Ruiyao Ma, Yifan Zhu, Baihua Zheng, Lu Chen, Congcong Ge, Yunjun Gao

被引用 4 次

摘要

Nearest neighbor search (NNS) is fundamental for high-dimensional space retrieval and impacts various fields, such as pattern recognition, information retrieval, recommendation systems, and vector database management. Among existing NNS methods, graph-based methods often excel in query accuracy and efficiency. However, these methods face significant challenges, including high construction costs and difficulties with dynamic data updates. Recent efforts have focused on combining graph methods with hashing, quantization, and tree-based approaches to address these issues, but problems with large index sizes and update performance remain unresolved.
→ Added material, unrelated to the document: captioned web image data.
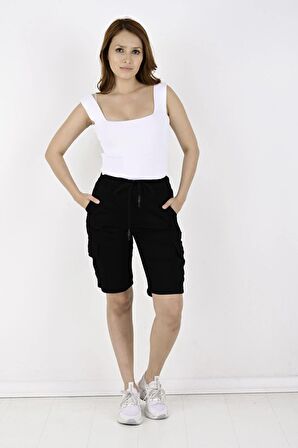 Kargo Cepli Kadın Gabardin Şort-7000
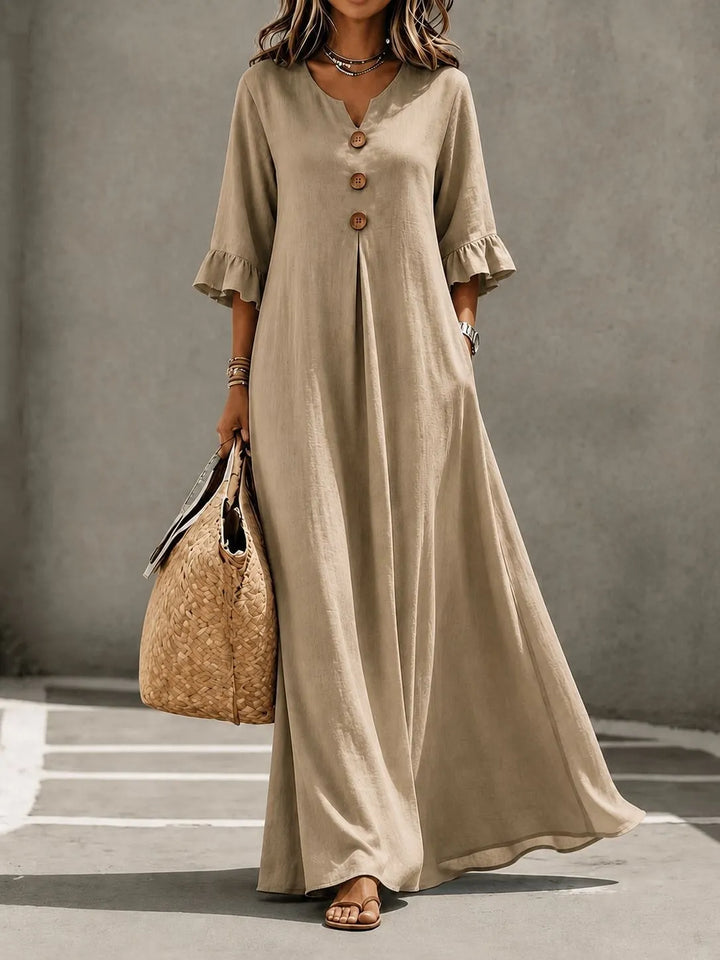Vesperelle - Vestido largo con escote en V y suave al tacto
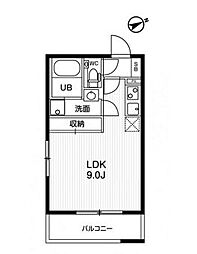 東急田園都市線 池尻大橋駅 徒歩10分の賃貸マンション 3階ワンルームの間取り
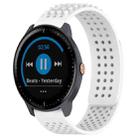 For Garmin Vivoactive3 Music 20mm Holes Breathable 3D Dots Silicone Watch Band(White) - 1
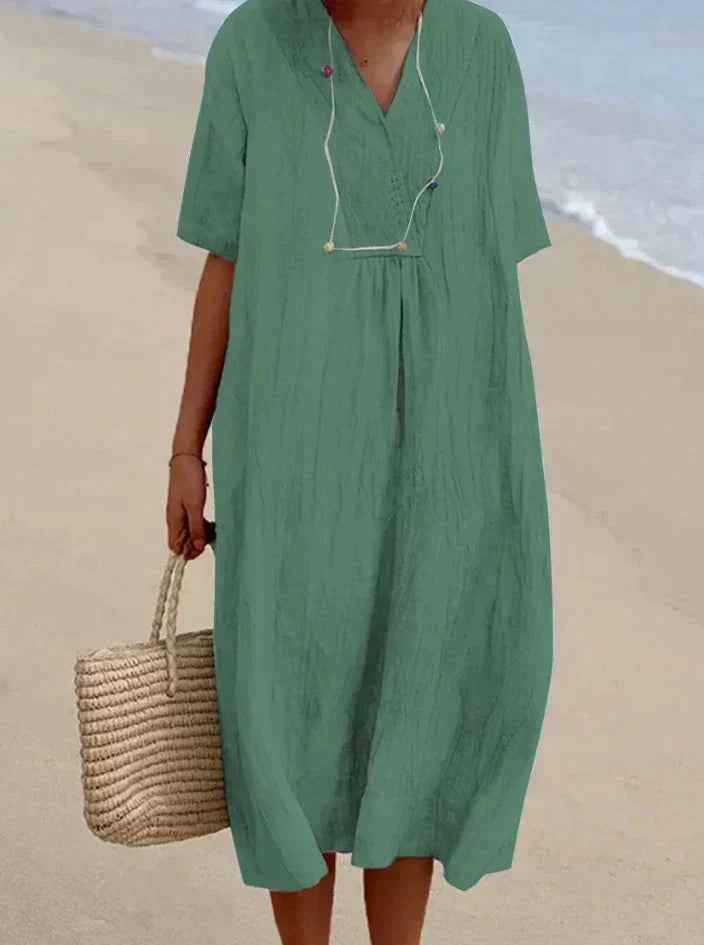 Aria Cotton-Linen Summer Dress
In response, this paper proposes GTI, a novel, lightweight, and dynamic graph-based tree index for high-dimensional NNS. GTI constructs a tree index built across the entire dataset and employs a lightweight graph index at the level 1 of the tree to significantly reduce graph construction costs. It also features effective data insertion and deletion algorithms that enable logarithmic real-time updates. Additionally, we have developed an effective NNS algorithm for GTI, which not only achieves approximate search performance on par with SOTA graph-based methods but also supports exact NNS. Extensive experiments on six real-world datasets demonstrate that GTI achieves an approximately 10× improvement in update efficiency compared to SOTA tree-based methods, while achieving search effectiveness comparable to SOTA approximate NNS methods. These results underscore the potential of GTI for effective application in dynamic and evolving scenarios.